### Brief
Beginning with the line that contains "Genesis G90 (RS4) 2023 — миниатюра 5", reproduce the remaining lines of the material exactly, up to and including the last one, but no pictures.

#### Dataset content

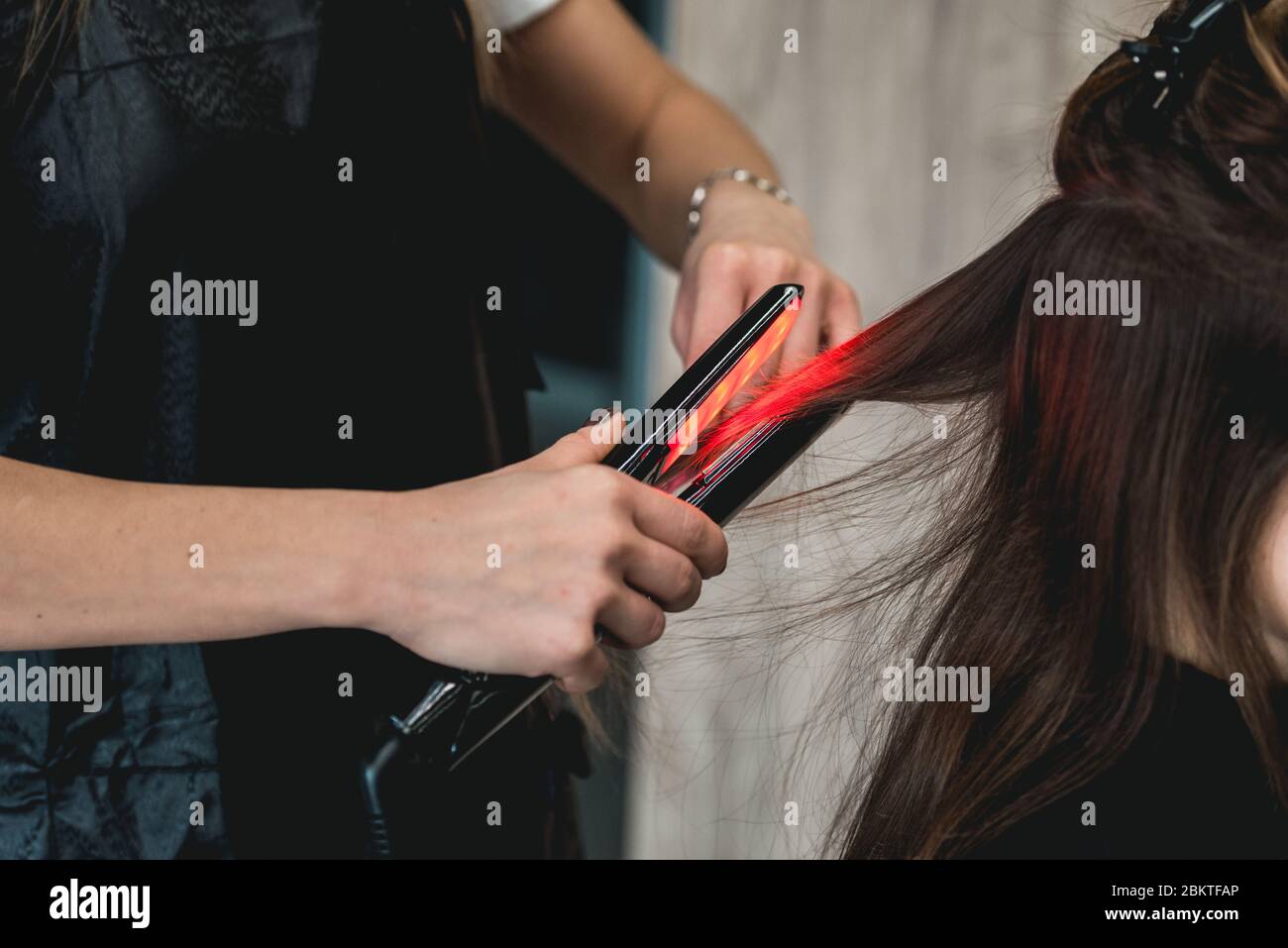 Keratin Recovery Haar und Protein Behandlung Stapel mit professionellen Ultraschall-Eisen-Tool. Stockfoto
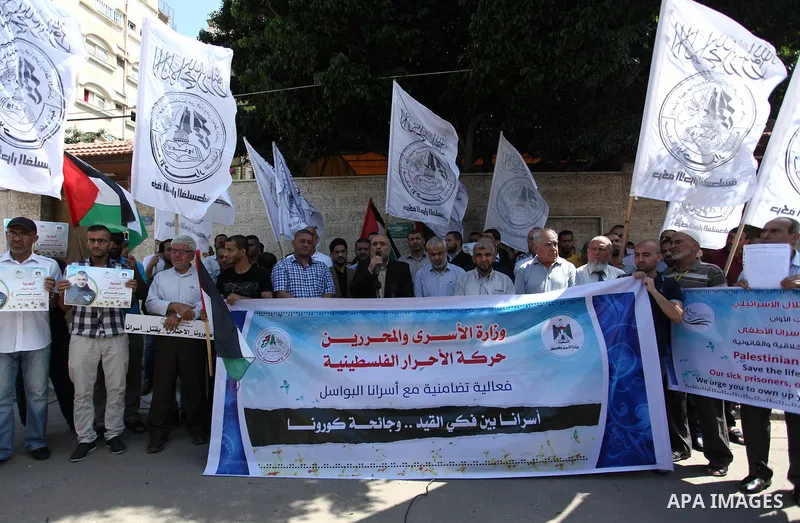 Palestinians take part in a protest to show solidarity with prisoners and the spread of the coronavirus disease (COVID-19) on Israeli jalis, in front of Red Cross office in Gaza city, on August 6, 2020. Photo by Mahmoud...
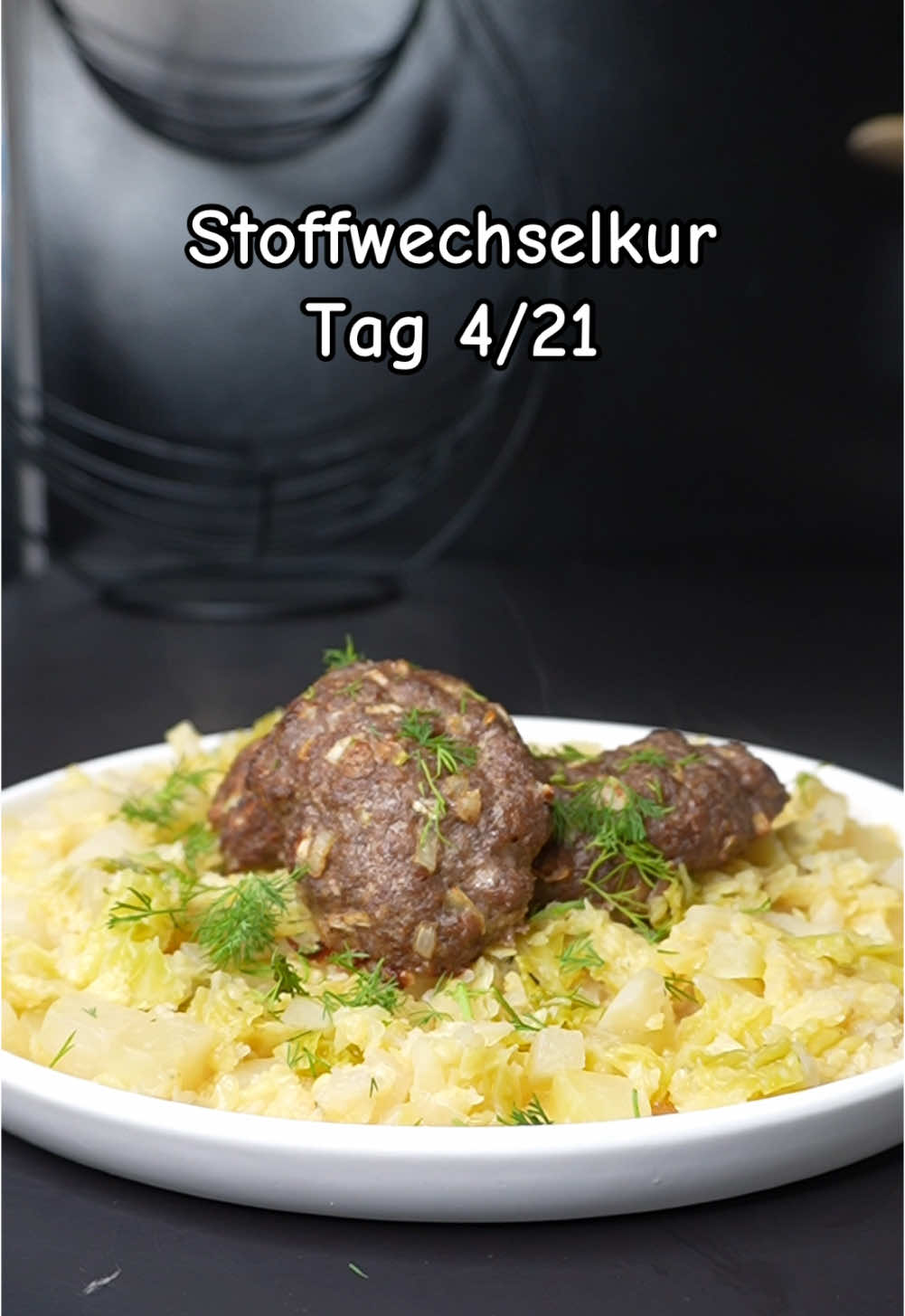 Frikadellen mit Wirsing-Kohlrabi Gemüse🥬 Zutaten: Frikadellen: ✳️500g Rinderhackfleisch ✳️1 Ei ✳️1 Zwiebel ✳️Kreuzkümmel gemahlen ✳️Salz, Pfeffer, Paprikapulver Gemüse: ✳️1 mittelg. Wirsing ✳️2 Kohlrabi ✳️400ml Rinderbrühe ✳️4 EL Skyr ✳️Salz, Pfeffer optional: ✳️Dill zum topen #stoffwechselkur #21tagestoffwechselkur #frikadellen #viral #germany #foodporn #foodblogger #foodphotography #foodpic #Foodie #foodblog #fyp #foryoupage #foodtiktok #mittagessen #Abendessen #schnellerezepte #gesunderezepte #lecker #leckerrezepte #mealprep #kochenmitkind #waskocheichheute #familienrezepte #kochideen #kochenmitkind #familienrezepte #FoodTok #fürdich #fürdichpage #fürdichseiteシ #fürdichseiteviral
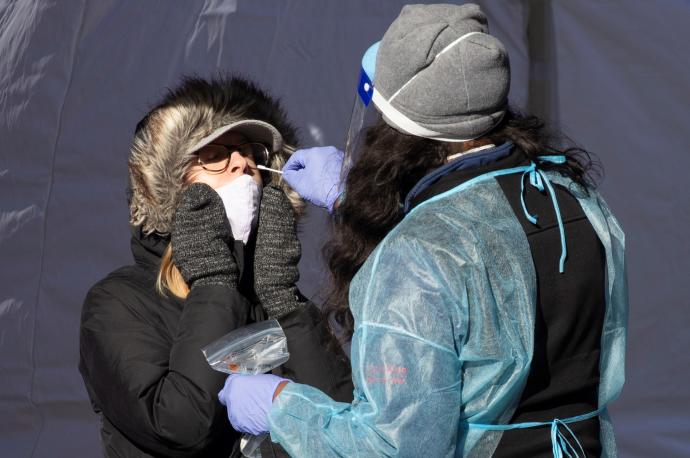 Una mujer se somete a un test de coronavirus en Washington.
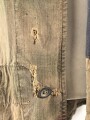 Luftwaffe, Tarnfeldbluse für Angehörige der Felddivision. Getragenes Stück, der Brustadler original vernäht.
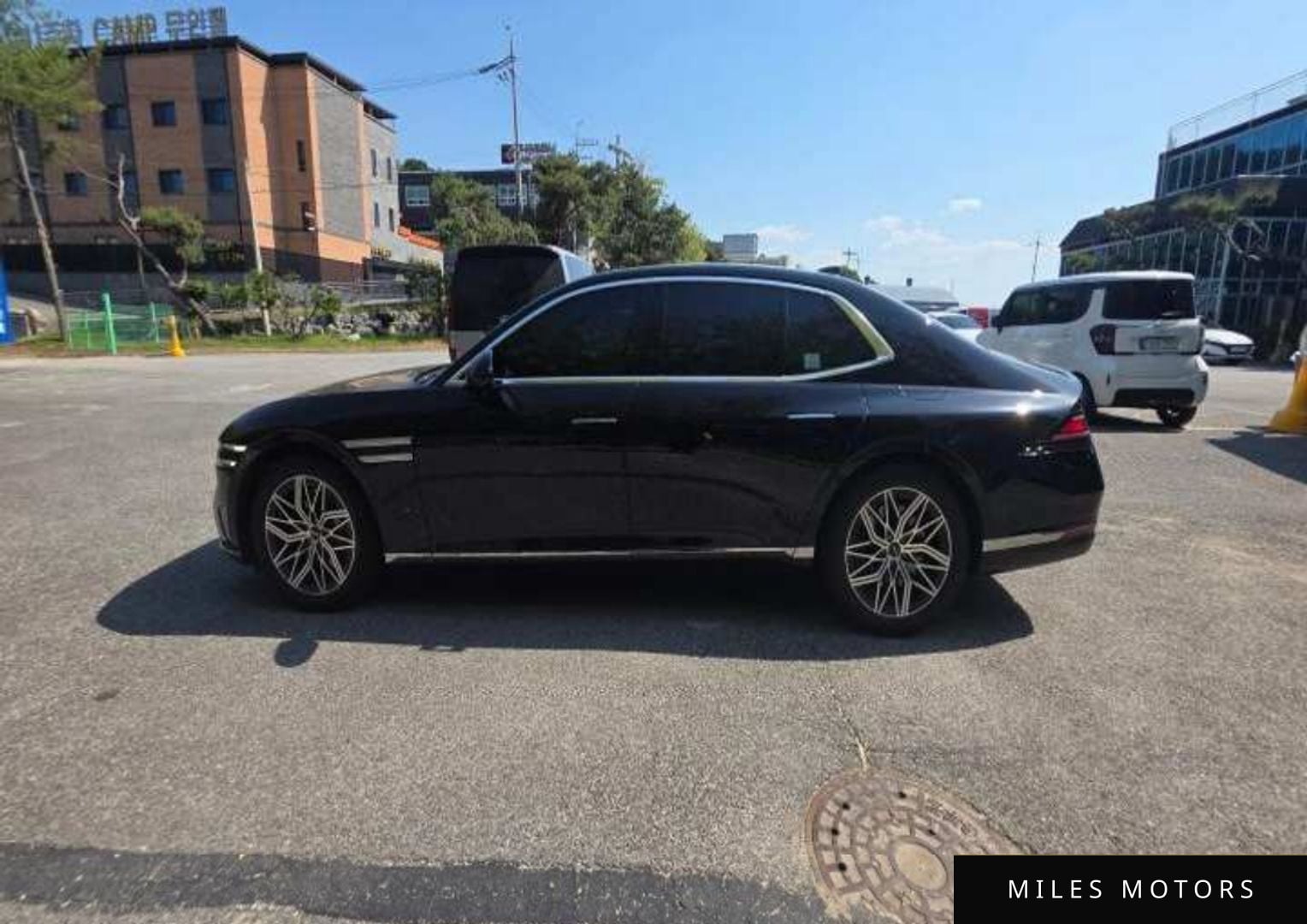 Genesis G90 (RS4) 2023 — миниатюра 5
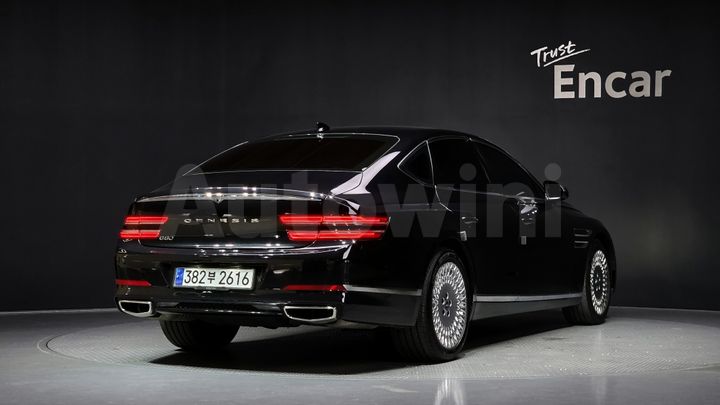 Genesis G80 2021 — 2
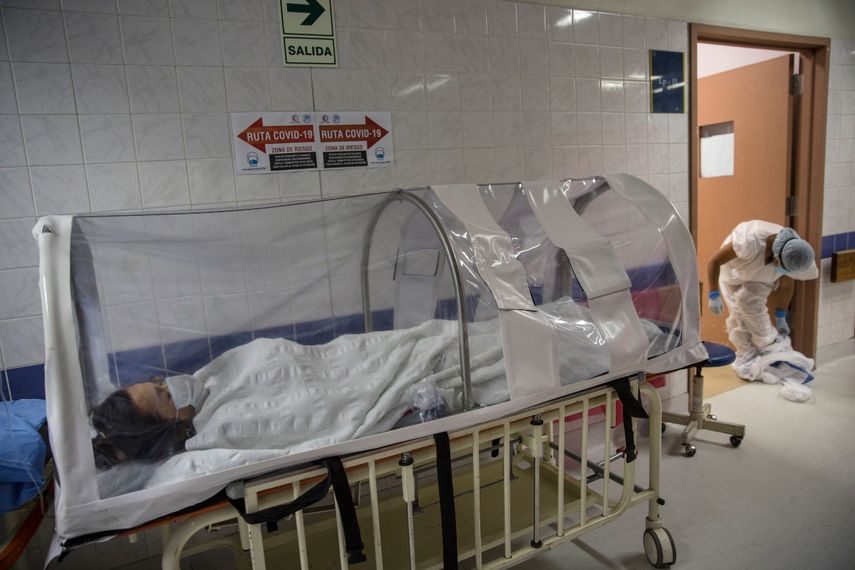 Mar&iacute;a &Aacute;lvarez, de 24 a&ntilde;os, descansa en una c&aacute;psula de aislamiento de coronavirus luego de dar a luz en el Instituto Nacional Perinatal en Lima, Per&uacute;, el mi&eacute;rcoles 29 de julio de 2020.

########

### Exercise solution
 Genesis G90 (RS4) 2023 — миниатюра 5
 Genesis G80 2021 — 2
 Mar&iacute;a &Aacute;lvarez, de 24 a&ntilde;os, descansa en una c&aacute;psula de aislamiento de coronavirus luego de dar a luz en el Instituto Nacional Perinatal en Lima, Per&uacute;, el mi&eacute;rcoles 29 de julio de 2020.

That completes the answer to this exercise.